Horas depois, o Irão abriu temporariamente o estreito e o primeiro petroleiro não iraniano atravessou a passagem estratégica na quinta-feira, segundo dados da MarineTraffic. O navio MSG, de bandeira gabonesa, transporta cerca de 7 mil toneladas de fuelóleo proveniente dos Emirados Árabes Unidos e dirige-se ao porto indiano de Aegis Pipavav, segundo o serviço de monitorização marítima.
Após a entrada em vigor do cessar-fogo, apenas 12 navios passaram.
Um dos outros pilares do acordo de dez pontos, que a administração enviou aos Estados Unidos, é compensar os danos causados durante a guerra de seis semanas. Washington ainda não comentou o assunto.
Outra questão central para os Estados Unidos é o controlo do enriquecimento de urânio. Nesta quarta-feira, quando Trump anunciou o cessar-fogo com o Irã,… O secretário da Guerra, Pete Hegsett, apelou ao regime para que entregasse o seu arsenal de 44 quilogramas de urânio altamente enriquecido.e alertou que o presidente republicano ainda poderá enviar forças de operações especiais para apreender o material, uma missão que acarreta demasiados riscos para os Estados Unidos.

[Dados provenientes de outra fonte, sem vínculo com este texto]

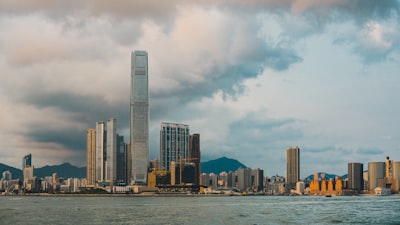 专才计划的优势与挑战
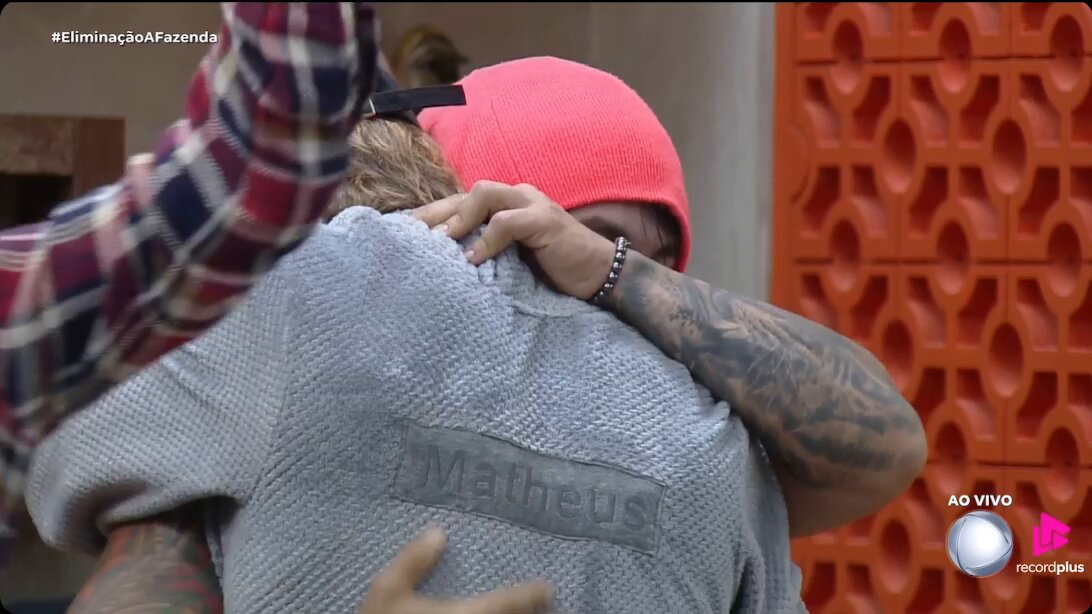 Shia: "Eliminaram mais uma vez uma pessoa agressora, totalmente descontrolada. Obrigado Brasil!" #AFazenda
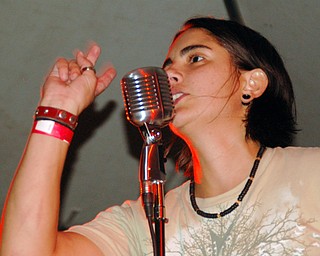 Kelly McCracken of The Kellys at VexFest 5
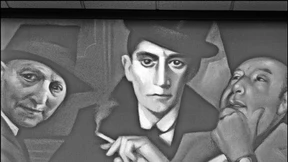 Franz Kafka und ich sitzen auf einer Bank und schauen auf einen See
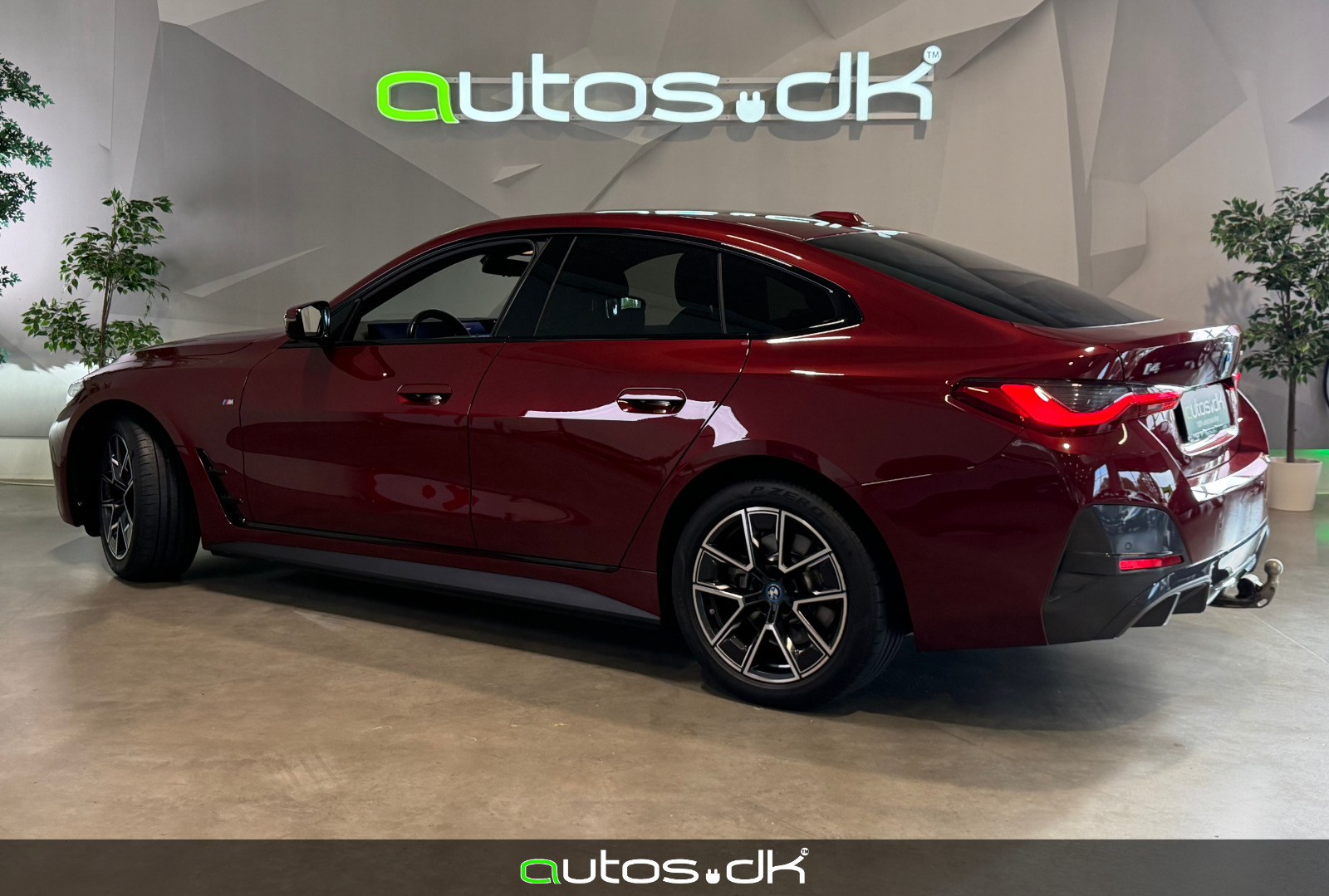 Rød BMW i4 fra 2023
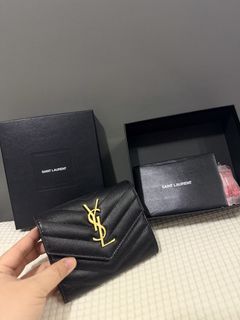 （分類：）位於 。 由 second_hands_ 提交（商品編號 1440176222，圖片 1）。簡介： 。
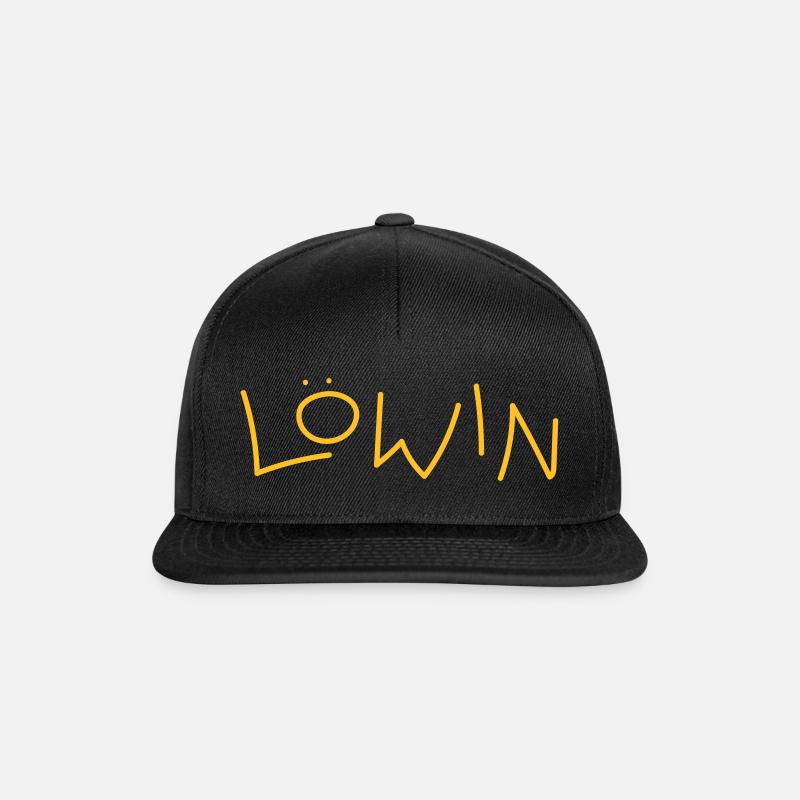 Löwin (Schriftzug) - Snapback Cap - Schwarz/Schwarz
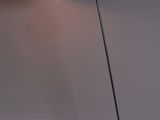 un lampadaire noir et jaune avec un abat-jour jaune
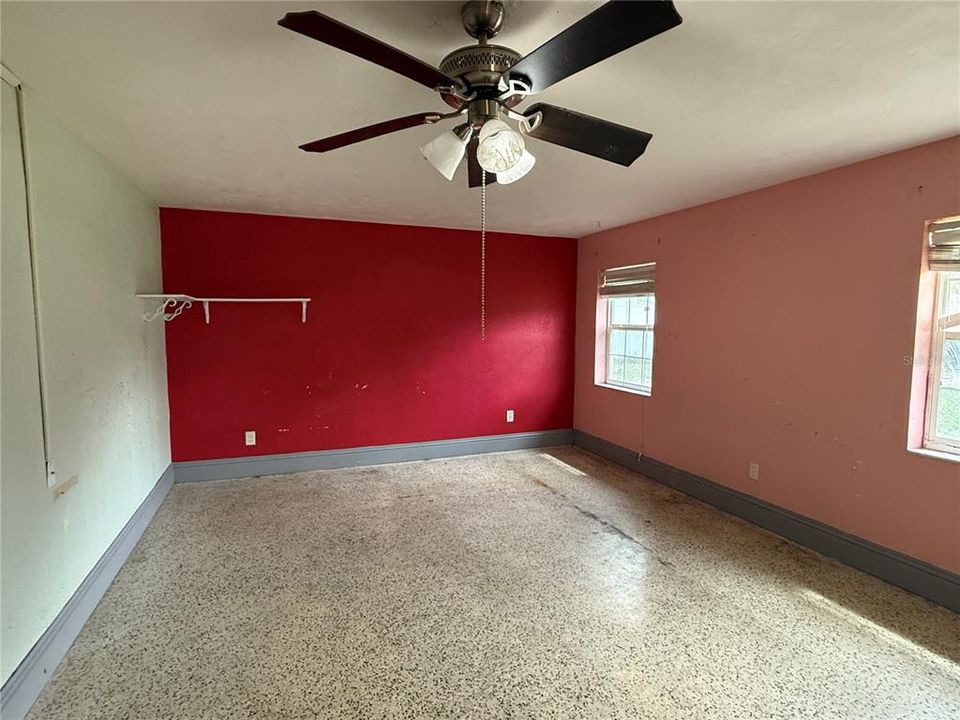 For Sale: $225,000 (5 beds, 3 baths, 2770 Square Feet)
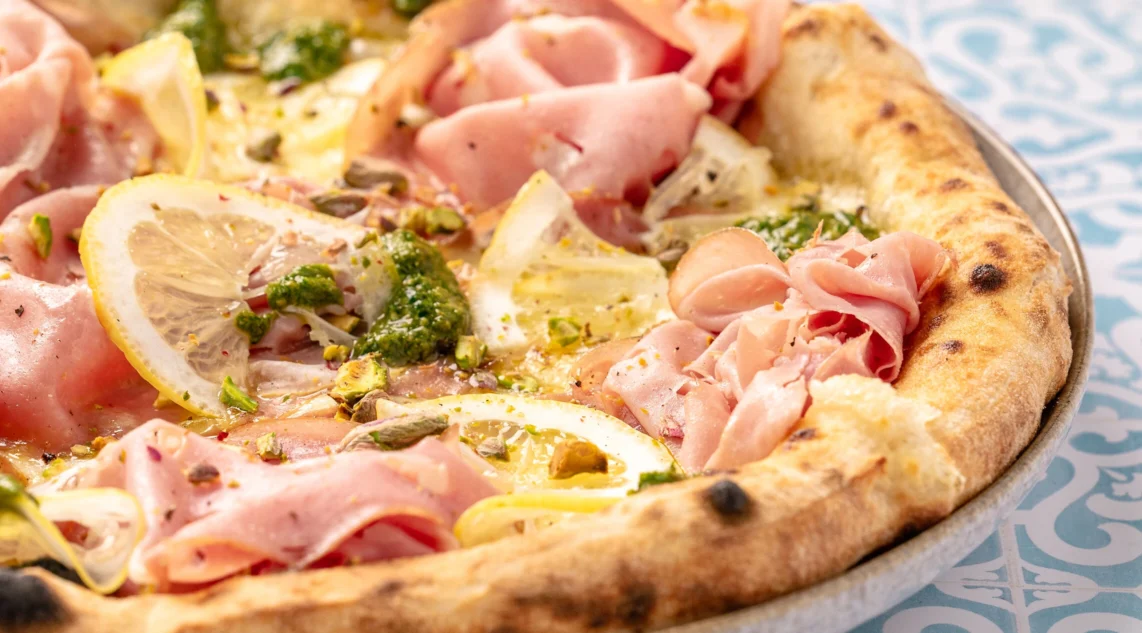 Rezept Pizza mit Mortadella und Pistazien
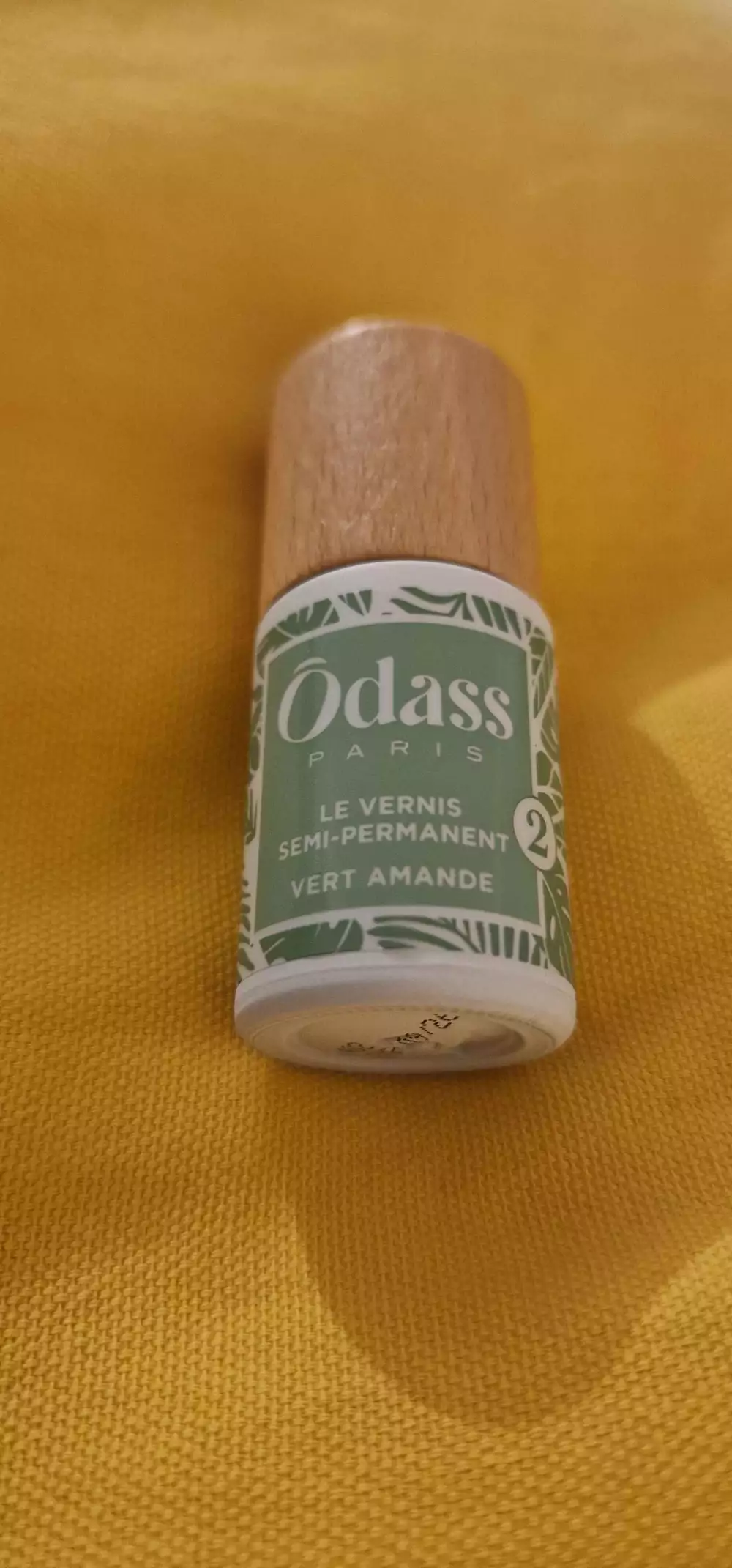 ÔDASS - Le vernis semi-permanent vert amande
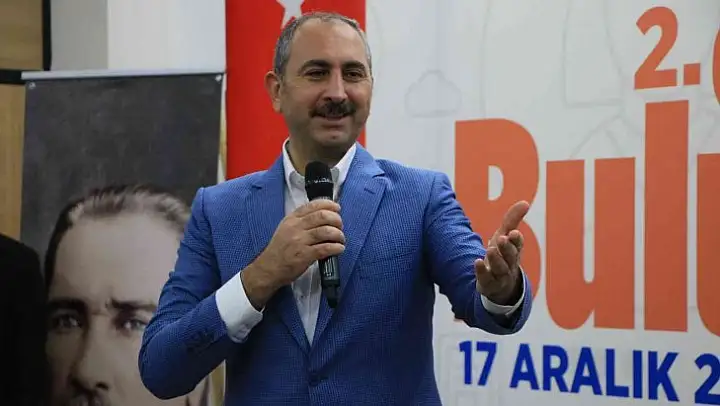 Adalet Bakanı Abdulhamit Gül gençlerle bir araya geldi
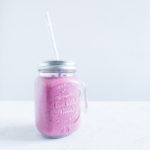 Forfriskende sommersmoothie med ribs og solbær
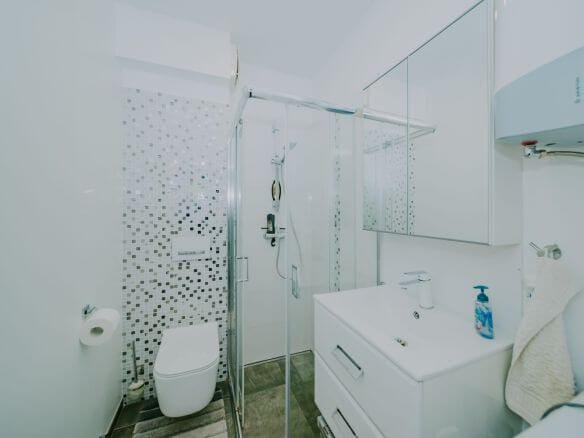 Новиградская квартира на первом этаже с садом и летней кухней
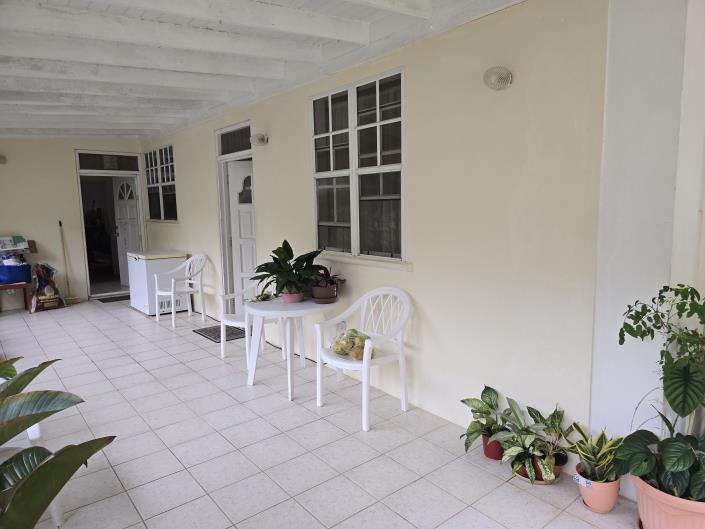 Image No.16-4 Bed House for sale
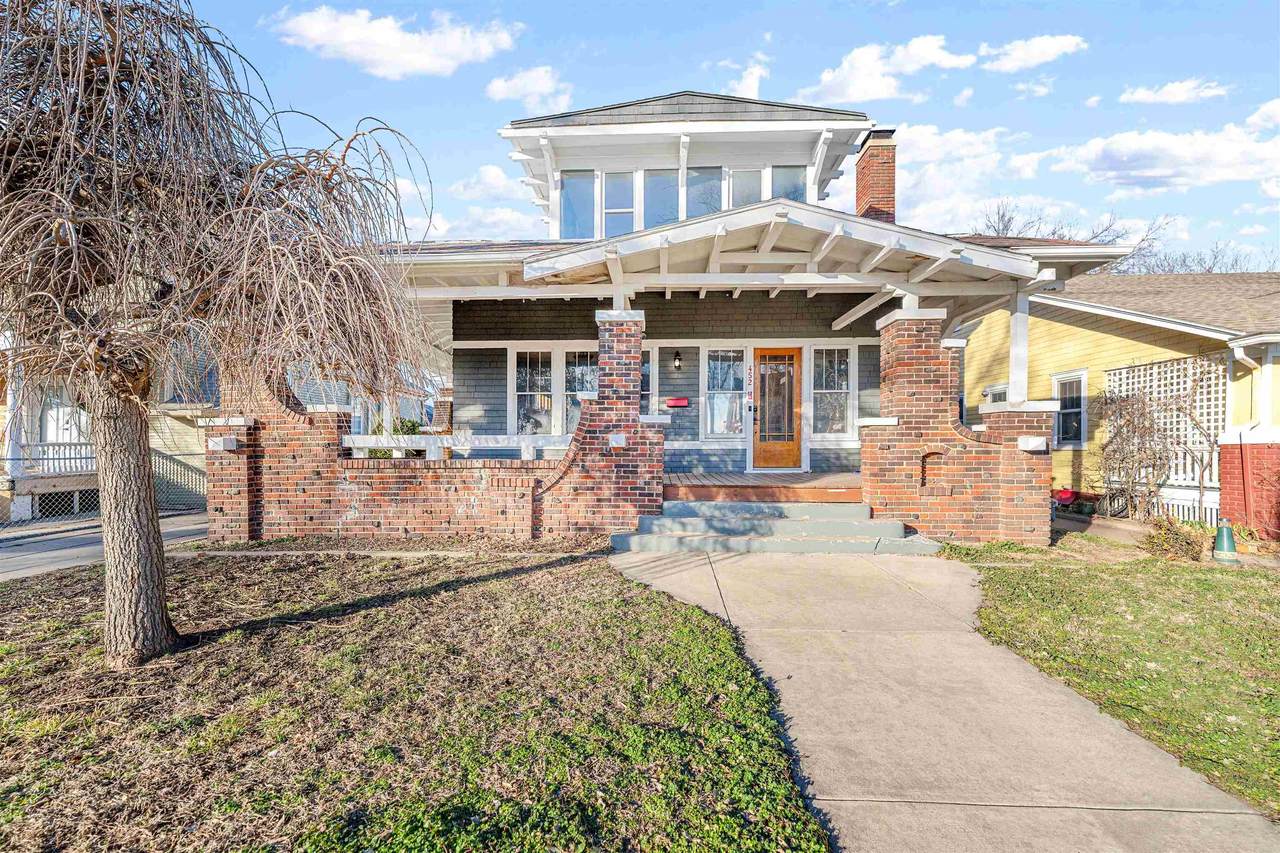 452 8th St - Photo 1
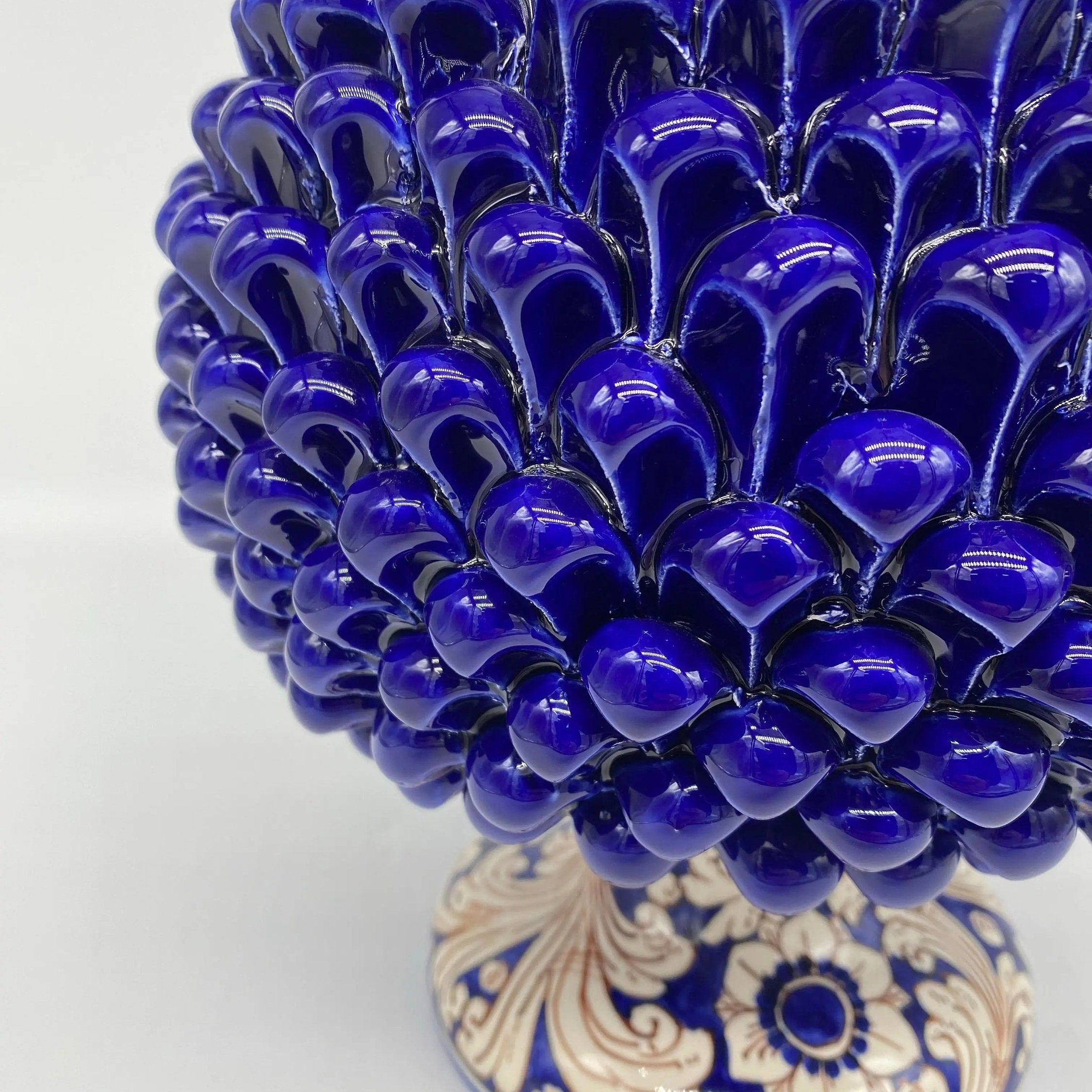 Portavaso Mezza Pigna Ceramica Caltagirone cm H.20 L.20 Artigianale Blu Base Decorata DD CERAMICHE SICILIANE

“Se necessário, podemos fazê-lo de qualquer forma”Hegseth avisou. No final do seu discurso no Pentágono, quando questionado sobre como os Estados Unidos planeiam obter urânio altamente enriquecido do Irão, ele respondeu: “É algo que o presidente vai resolver.”.
Programa de mísseis e armas nucleares
A isto acrescenta-se o facto de tanto Israel como os Estados Unidos quererem que as capacidades de mísseis do Irão sejam drasticamente reduzidas. No entanto, Teerão afirmou que o seu enorme arsenal de mísseis não é negociável.
Neste contexto, ainda permanecem dúvidas sobre o futuro dos programas de mísseis e de armas nucleares do Irão, dois objectivos de guerra dos EUA e de Israel.
Washington insiste que o Irão nunca deverá ser capaz de desenvolver armas nucleares e quer remover o arsenal de urânio altamente enriquecido de Teerão que poderia ser usado para fabricá-las. O Irão insiste que o seu programa é pacífico.
Trump anunciou que os Estados Unidos cooperarão com o Irão na remoção de urânio, o que Teerão não confirmou.
O chefe da agência nuclear iraniana, Mohammad Eslami, disse quinta-feira que proteger o direito de Teerã de enriquecer urânio é “necessário” para quaisquer negociações de cessar-fogo.
Em última análise, o Irão exige a retirada das forças de combate dos EUA da região, o fim da guerra em todas as frentes e o compromisso de não atacar.